I left the balustrade and walked to the farther end of the bridge, where I stood for some time contemplating the crowd; I then passed over to the other side with the intention of returning home; just half-way over the bridge, in a booth immediately opposite the one in which I had formerly beheld her, sat my friend, the old apple-woman, huddled up behind her stall.
“Well, mother,” said I, “how are you?” The old woman lifted her head with a startled look.
“Don’t you know me?” said I.
“Yes, I think I do. Ah, yes,” said she, as her features beamed with recollection, “I know you, dear; you are the young lad that gave me the tanner. Well, child, got anything to sell?”
“Nothing at all,” said I.
“Bad luck?”
“Yes,” said I, “bad enough, and ill usage.”

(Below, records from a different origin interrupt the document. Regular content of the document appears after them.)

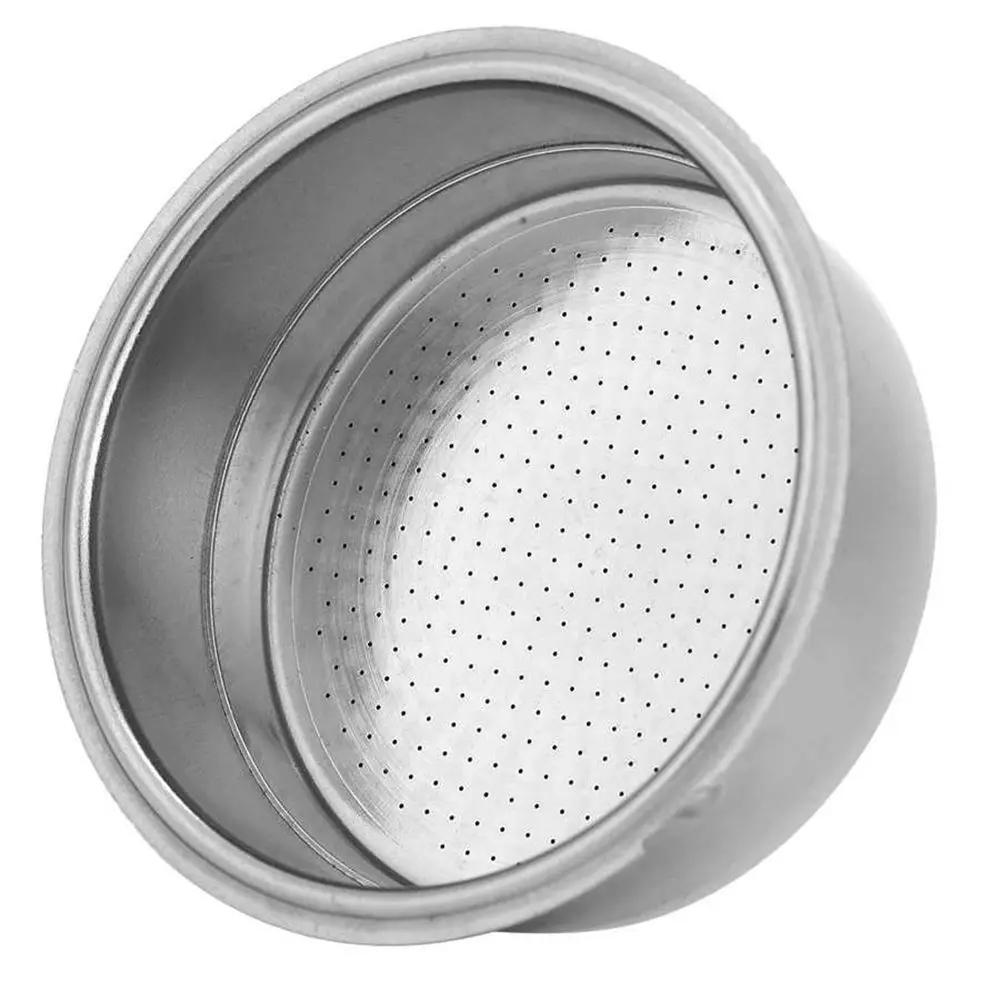 New Stainless Steel Double Layer Coffee Filter Basket Coffee Machine Accessories Powder Basket Coffee Filter Bowl For 51mm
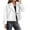 White, variant on Kaemgyyd Cropped Jackets for Women Casual Long Sleeve Button Winter Coats Trendy Notched Lapel Wool Blend Fall Outwear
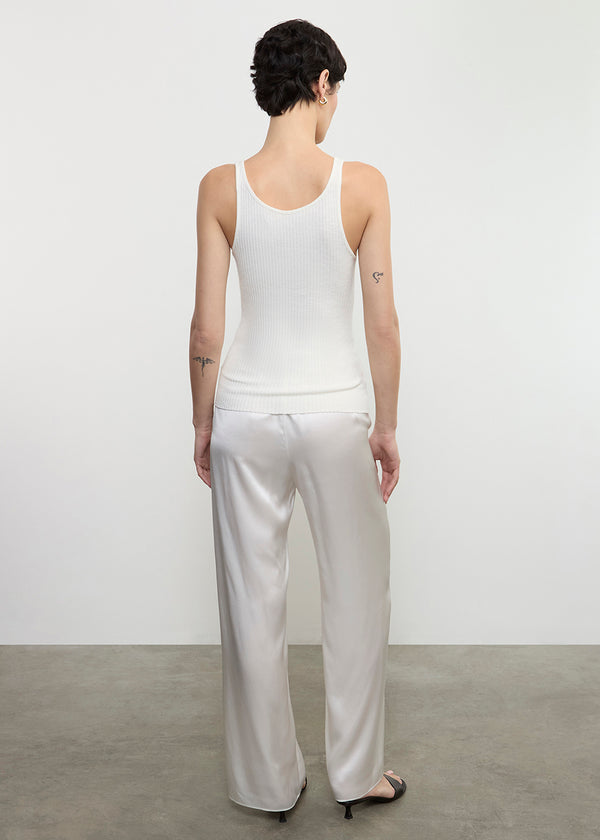 Enza Costa Silk Satin Pantlet Off White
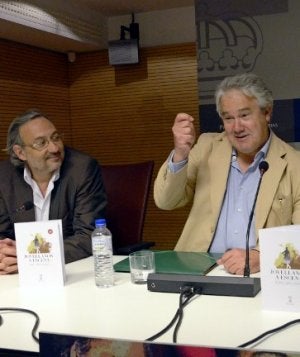 Munárriz y Avello, ayer en Madrid. ::
NEWSPHOTOPRESS/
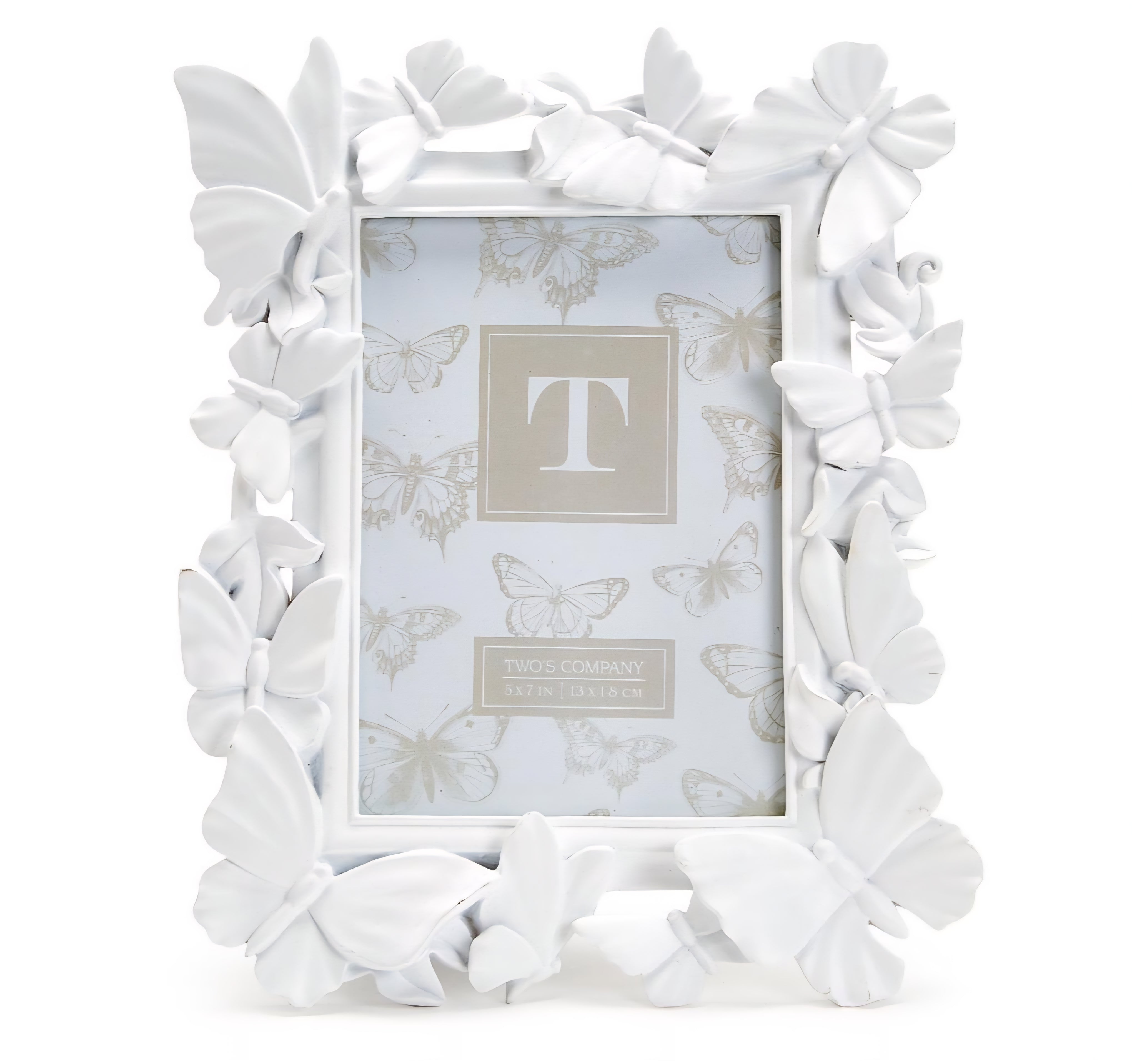 White Butterfly Photo Frame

“Ah, I suppose they caught ye; well, child, never mind, better luck next time; I am glad to see you.”
“Thank you,” said I, sitting down on the stone bench; “I thought you had left the bridge—why have you changed your side?”
The old woman shook.
“What is the matter with you,” said I, “are you ill?”
“No, child, no; only—”
“Only what? Any bad news of your son?”
“No child, no; nothing about my son. Only low, child—every heart has its bitters.”
“That’s true,” said I; “well, I don’t want to know your sorrows; come, where’s the book?”
The apple-woman shook more violently than before, bent herself down, and drew her cloak more closely about her than before. “Book, child, what book?”
“Why, blessed Mary, to be sure.”
“Oh, that; I ha’n’t got it, child—I have lost it, have left it at home.”
“Lost it,” said I; “left it at home—what do you mean? Come, let me have it.”
“I ha’n’t got it, child.”
“I believe you have got it under your cloak.”
“Don’t tell any one, dear; don’t—don’t,” and the apple-woman burst into tears.
“What’s the matter with you?” said I, staring at her.
“You want to take my book from me?”
“Not I, I care nothing about it; keep it, if you like, only tell me what’s the matter?”
“Why, all about that book.”
“The book?”
“Yes, they wanted to take it from me.”
“Who did?”
“Why, some wicked boys. I’ll tell you all about it. Eight or ten days ago, I sat behind my stall, reading my book; all of a sudden I felt it snatched from my hand; up I started, and see three rascals of boys grinning at me; one of them held the book in his hand. ‘What book is this?’ said he, grinning at it. ‘What do you want with my book?’ said I, clutching at it over my stall, ‘give me my book.’ ‘What do you want a book for?’ said he, holding it back; ‘I have a good mind to fling it into the Thames.’ ‘Give me my book,’ I shrieked; and, snatching at it, I fell over my stall, and all my fruit was scattered about. Off ran the boys—off ran the rascal with my book. Oh dear, I thought I should have died; up I got, however, and ran after them as well as I could. I thought of my fruit; but I thought more of my book. I left my fruit and ran after my book. ‘My book! my book!’ I shrieked, ‘murder! theft! robbery!’ I was near being crushed under the wheels of a cart; but I didn’t care—I followed the rascals. ‘Stop them! stop them!’ I ran nearly as fast as they—they couldn’t run very fast on account of the crowd. At last some one stopped the rascal, whereupon he turned round, and flinging the book at me, it fell into the mud; well, I picked it up and kissed it, all muddy as it was. ‘Has he robbed you?’ said the man. ‘Robbed me, indeed; why, he had got my book.’ ‘Oh, your book,’ said the man, and laughed, and let the rascal go. Ah, he might laugh, but—”
“Well, go on.”
“My heart beats so. Well, I went back to my booth and picked up my stall and my fruits, what I could find of them. I couldn’t keep my stall for two days, I got such a fright, and when I got round I couldn’t bide the booth where the thing had happened, so I came over to the other side. Oh, the rascals, if I could but see them hanged.”
“For what.”
“Why for stealing my book.”
“I thought you didn’t dislike stealing, that you were ready to buy things—there was your son, you know—”
“Yes, to be sure.”
“He took things.”
“To be sure he did.”
“But you don’t like a thing of yours to be taken.”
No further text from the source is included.